During my former visits to National Parks in Africa it was not very common to see buffalos. So we made some efforts with our truck to find a track to approach this buffalo at the riverside. It was our last game-drive in the Samburu National Reserve before we left for Maralal.
Because of the differences in height we couldn't approach any further, but we were near enough to discover this buffalo had only one horn.
At our last gamedrive early in the morning we were very lucky to see four female lions. We saw them at the edge of the plains and the riverine forest. The highlight of the day !
To see lions is always very impressive for me. The first time I visited Nationals Parks in Africa, it took four weeks before I saw lions at the very last day. So this time we were lucky to see lions in the first Reserve we visited during this trip.
Do make a visit to the Samburu people, who live on the edges of the game reserve.
Yes, you have to pay, but it's worth it. I was so moved when the women sang me a welcome song. They also explain about the social hyrarchie, show you their house, visit the spear maker, ...

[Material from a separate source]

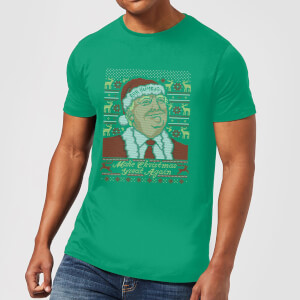 Make Christmas Great Again Men's Christmas T-Shirt - Kelly Green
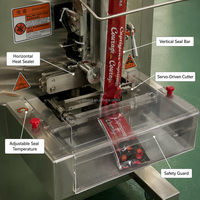 Machine de remplissage verticale automatique multifonctionnelle pour sachets en aluminium et en papier pour l'emballage alimentaire – Meilleur prix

At the end of your visit, all the women show their goods on the 'market'.
We had seen the tiny Dik-Dik in Amboseli, but they are terribly nervous animals and move away at the slightest noise that they don't like. Normally always in pairs we found this little fellow on its own, but surprisingly not making his usual dik-dik sound. Only standing at 30 cms they are the smallest of all antelopes.
Photo 2. A female waterbuck seemingly keeping an eye out for the Dik-Dik.

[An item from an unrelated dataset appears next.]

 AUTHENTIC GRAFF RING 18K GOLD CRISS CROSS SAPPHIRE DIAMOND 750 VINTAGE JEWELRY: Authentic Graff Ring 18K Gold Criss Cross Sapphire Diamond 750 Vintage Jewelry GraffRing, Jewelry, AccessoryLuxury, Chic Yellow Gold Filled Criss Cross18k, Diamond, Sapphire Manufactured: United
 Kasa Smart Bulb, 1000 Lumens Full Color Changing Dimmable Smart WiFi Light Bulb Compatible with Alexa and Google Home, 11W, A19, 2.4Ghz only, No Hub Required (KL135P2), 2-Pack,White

Photo 3. Superb profile the Red-Beaked Calao. The male and female are very similar although the male has a larger beak.
Photo 4. This strange looking bird is the Helmeted Guineafowl. Weighing in at around 1.25 kilos, it will run before flying when alarmed but can actually fly short distances. May be seen in quite large flocks scratching around for insects and roots.
Photo 5. Beautiful colours of the sunset on an Impala.

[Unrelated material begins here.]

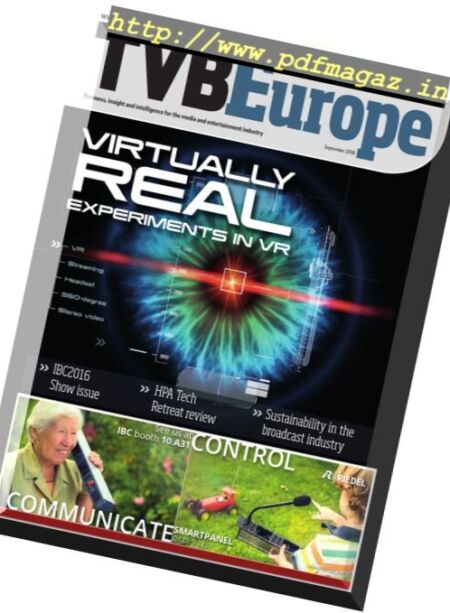 TVBEurope – September 2016 Cover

The strange Gerenuk, has the body of an antelope and the neck of a small giraffe, that allows it to reach up to the top of tall bushes for food where other species cannot reach, for the succulent leaves. Its large eyes and ears has the same look as the "Mule Deer". The animal doesn't need to drink either as it gets its water from these same leaves and other buds and plants. The Gerenuk is also known as the Waller's gazelle and as the "Giraffe-necked Antelope".
We had just stopped to look at the Vervet monkeys and let the elephant past so he could cross the river, when our chauffeur/guide whispered "Look up to the left on the far bank, do you see the lioness ?". After much staring through leneses we finally spotted the first one, but after waiting 30 mins and moving along the bank a few yards, what was not our surprise to see the whole pride.At first the male couldn't be seen,but when, what we thought was a large rock, moved, the male was staring at us through a small bush. Even at that distance, the adrenaline cranked itself up. The pride consisted of 1 male, 2 lioness and 3 cubs.